No shit? I didn't know, and actually he is 22 now so I guess we can refer to him as an adult?

Yeah I watched this video too so I guess I am an expert like you on his entire history. LOL

The bottom line is *the FBI, NY PD and Homeland Security* have been investigating Takashi for *5 fucking years*, so I think they might know a little more than you do in regards to his gang affiliations.


----------



## charley (Nov 30, 2018)

Prince , calm down, don't scare Little Wing off with your 'right wing anger'  ..     we need what she brings to the forum,,


----------



## Arnold (Nov 30, 2018)

charley said:


> Prince , calm down, don't scare Little Wing off with your 'right wing anger'  ..     we need what she brings to the forum,,



she comes here for two reasons, to insult me and insult everyone that supports the POTUS.

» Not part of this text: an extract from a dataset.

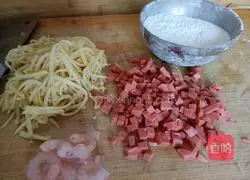 Illustration of how to make fried potato cakes 1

she is an old bitter nasty lady who hates on everyone.


----------



## Little Wing (Dec 1, 2018)

Lol. I don't think Tekashi is any kind of tough gang member. He's a big mouth punk ass kid that got in way over his head and had himself on top making big money and fucked it up like an idiot. "

Tekashi, who was behind bars until Wednesday night at the Brooklyn Metropolitan Detention Center where he was exposed to other inmates in general population, is now in a unit with "neutral inmates." Translation -- no gang members. I think he's more of a bug dummy than a big danger. Shit happens in prison but he'd probably too high profile for them to let anything happen to him. Right now he's supposedly where no one can get at him. 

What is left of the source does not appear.